WORK TO COMPLETE:
For this exercise, repeat the whole listing below exactly. Leave the pictures out.

INFORMATION PROVIDED:
※ ※ ※

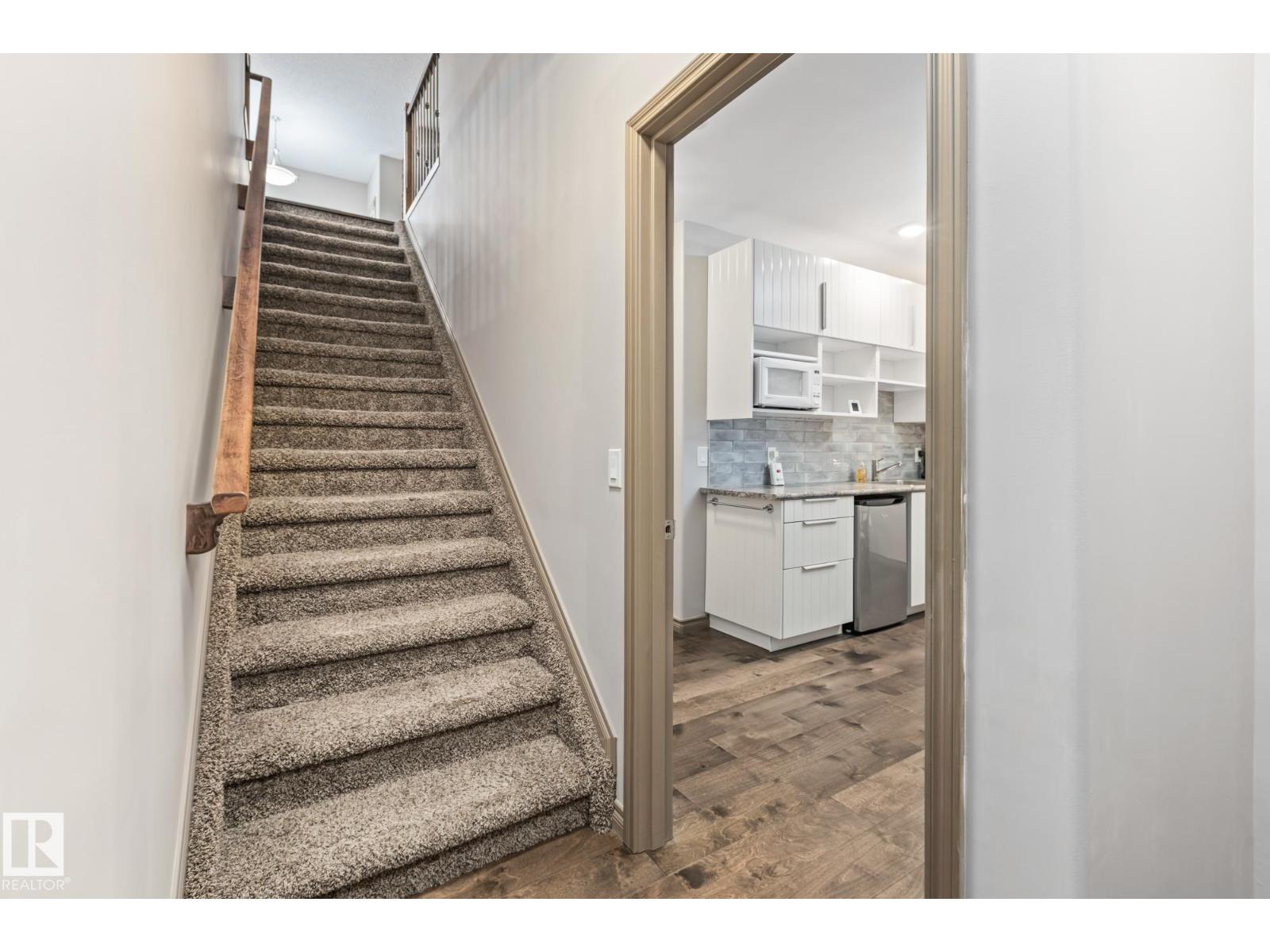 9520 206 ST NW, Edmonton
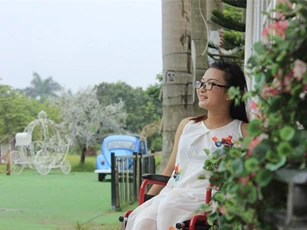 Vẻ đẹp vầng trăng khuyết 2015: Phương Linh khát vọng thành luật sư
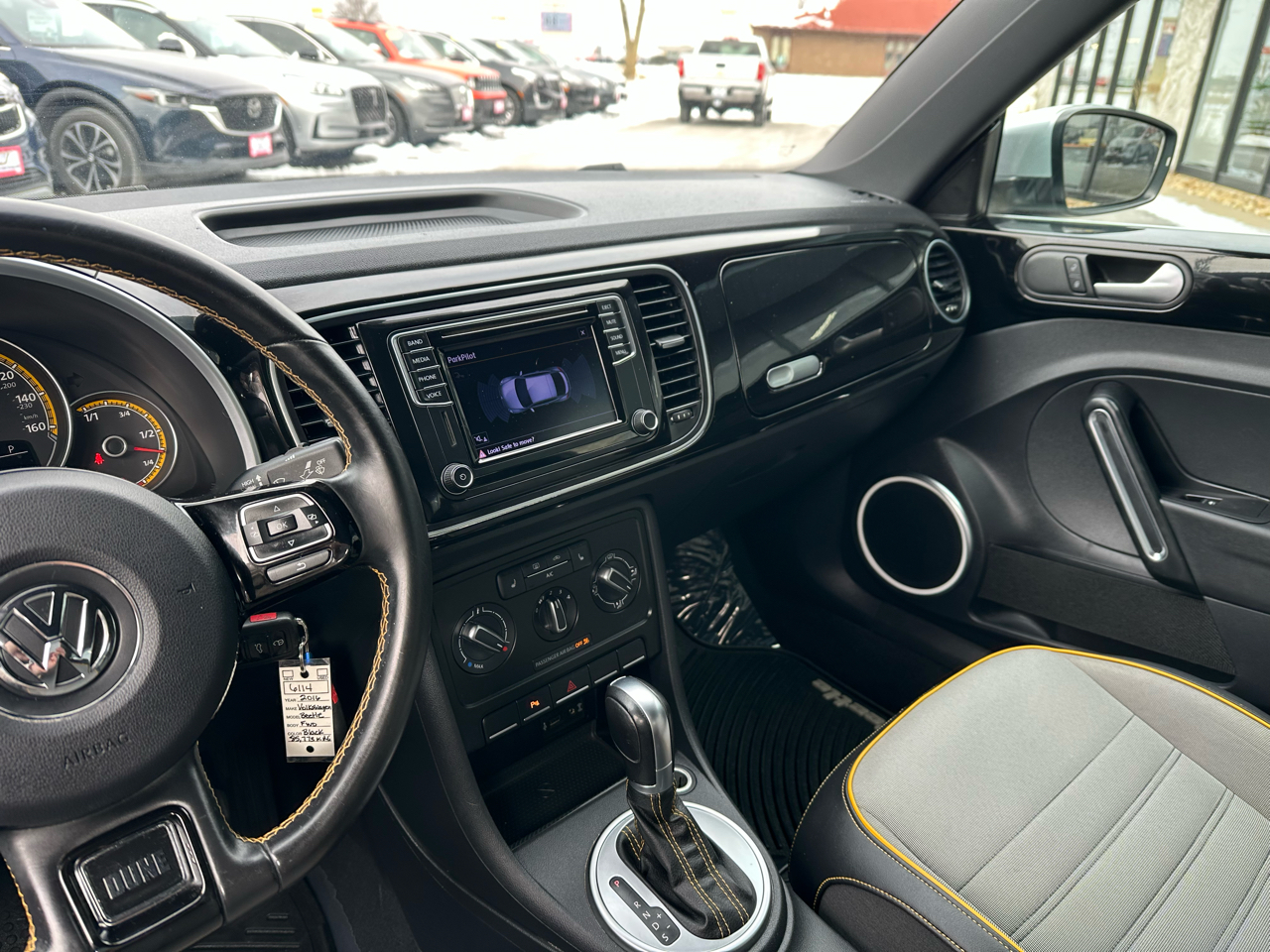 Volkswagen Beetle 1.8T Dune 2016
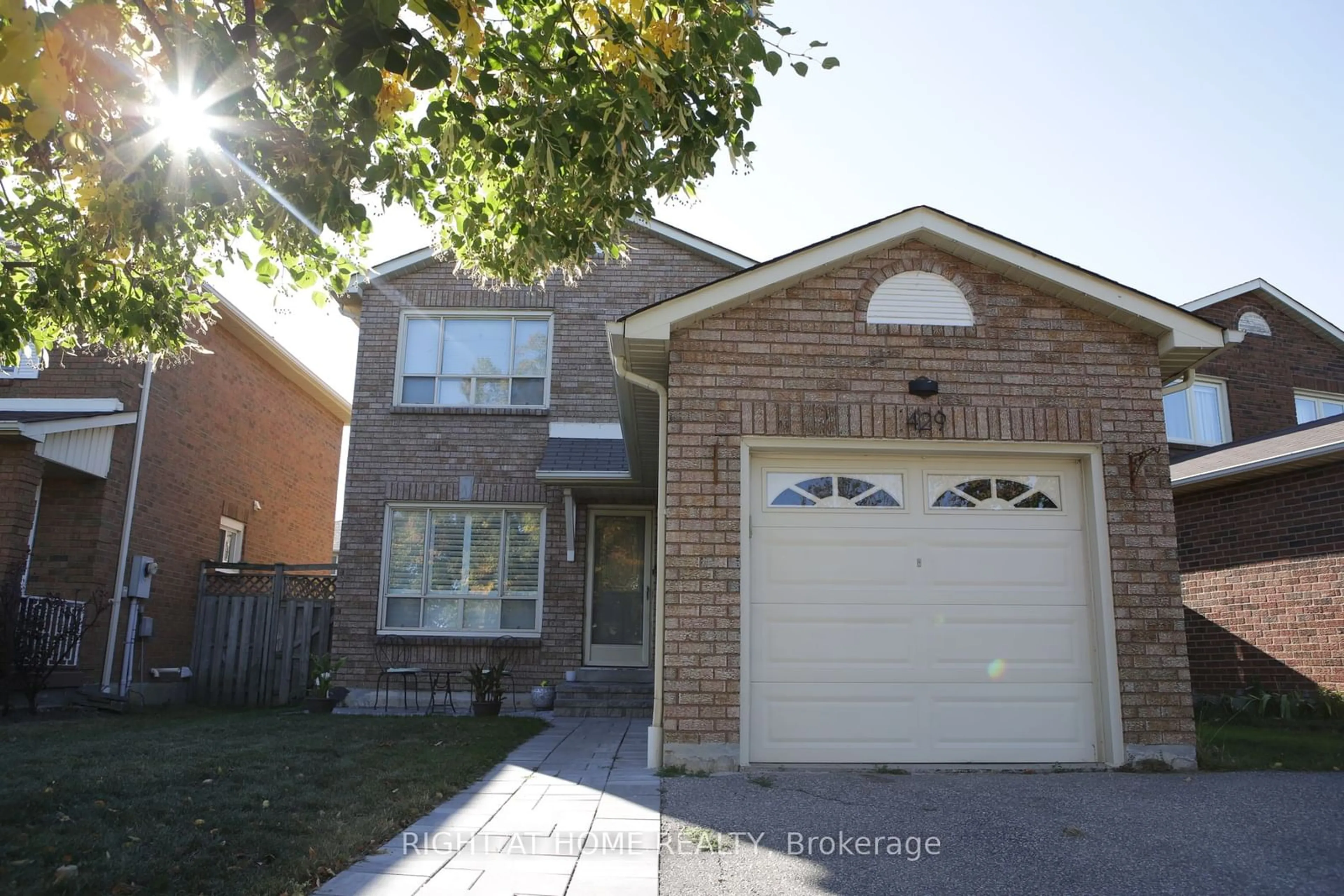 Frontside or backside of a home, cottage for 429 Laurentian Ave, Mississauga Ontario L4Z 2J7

※ ※ ※

OUTPUT OF THE TASK:
 9520 206 ST NW, Edmonton
 Vẻ đẹp vầng trăng khuyết 2015: Phương Linh khát vọng thành luật sư
 Volkswagen Beetle 1.8T Dune 2016
 Frontside or backside of a home, cottage for 429 Laurentian Ave, Mississauga Ontario L4Z 2J7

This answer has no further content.